Tuesday, July 19, 2005

It's Harder Than It Looks

I know that romance series - and by series I mean books that have a connection to each other, not the category romances put out monthly - are one of those love/hate deals. Some people love reading stories that feature characters and worlds from past books while others loathe them. They don't like books that leave loose ends in regards to secondary characters, whom they usually view as nothing more than sequel bait in the first place.

I happen to fall in the first group. I love to read books in a series, where the same characters populate the world and show up for guest appearances. Wait, I have to qualify that. I love series that are done very well. I don't like secondary characters that have been shoved in simply to set up a future book when otherwise they have nothing whatsoever to do with the current plot. And I do get tired of books about a group of brothers or best buddies who are all identical hero-types with simply a change in hair and eye color who all pair off with groups of sisters or best friends who are all identical fiesty heroine-types with simply a change of hair and eye color.

But that's not good storytelling, regardless of whether the characters have known each other in past books or have nothing to do with each other.
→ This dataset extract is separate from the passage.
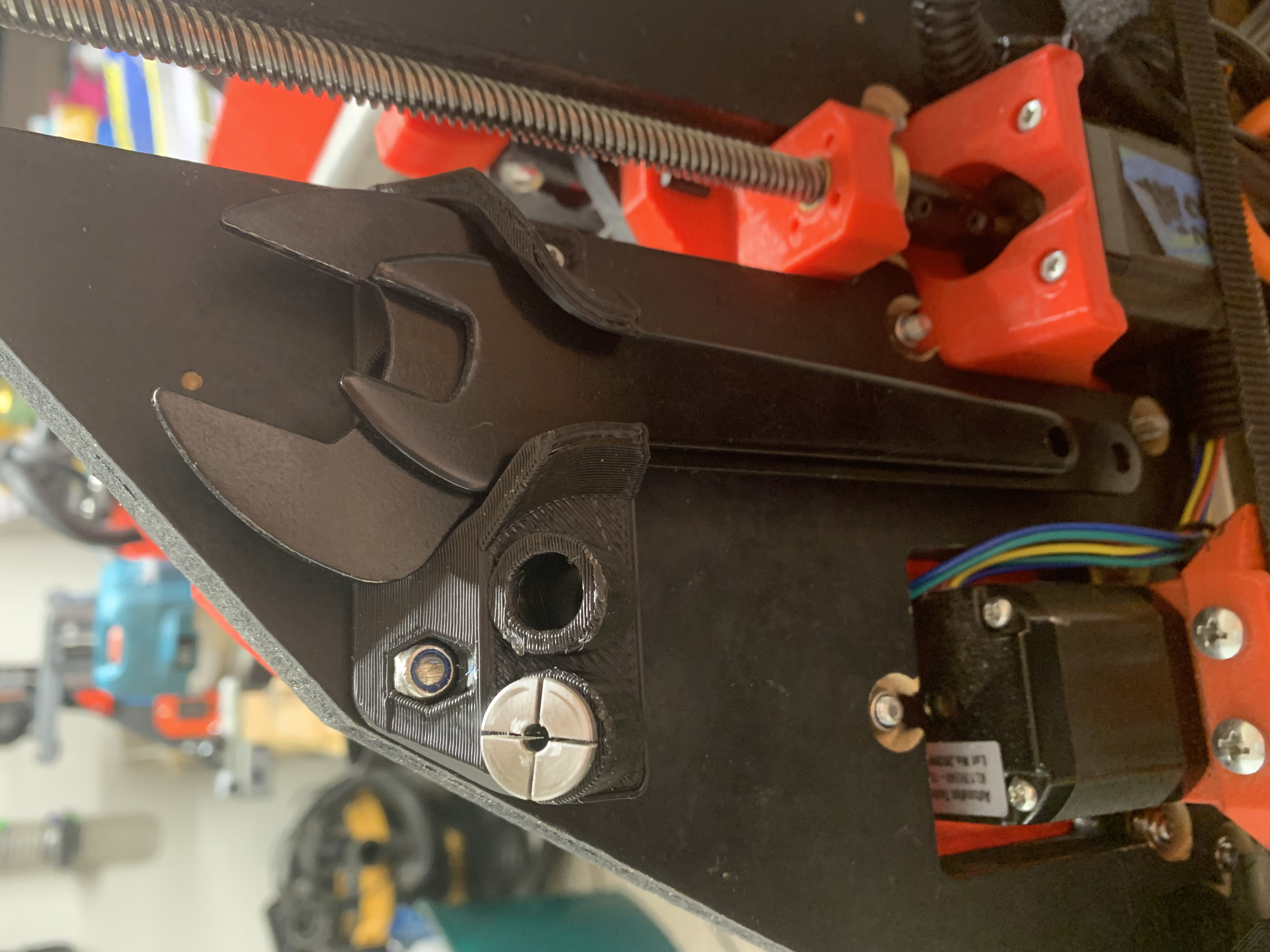 LowRider 3 CNC - printed holder for Makita Router Wrenches and Collets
If a writer doesn't change her characters enough from book to book to make them all distinguishable, it's not a problem of being a series verus a stand-alone effort. It's just sloppy writing.

Anyway...I digress...

Even if you don't love series books, you have to recognize that when it's done well, it's a pretty amazing thing. Because one thing I've learned on my quest for publication is that plotting over multiple books is very, very hard.

There is a talent involved in putting all of the characters into the proper positions. Of knowing who to feature in which book and when and why. What stories have to be told in what order, so that Heroine A isn't five years old in Book 1, then having a wild romance in Book 2 which occurs a mere six months later, and then is entering high school in Book 3. Continuity begins to rule your life.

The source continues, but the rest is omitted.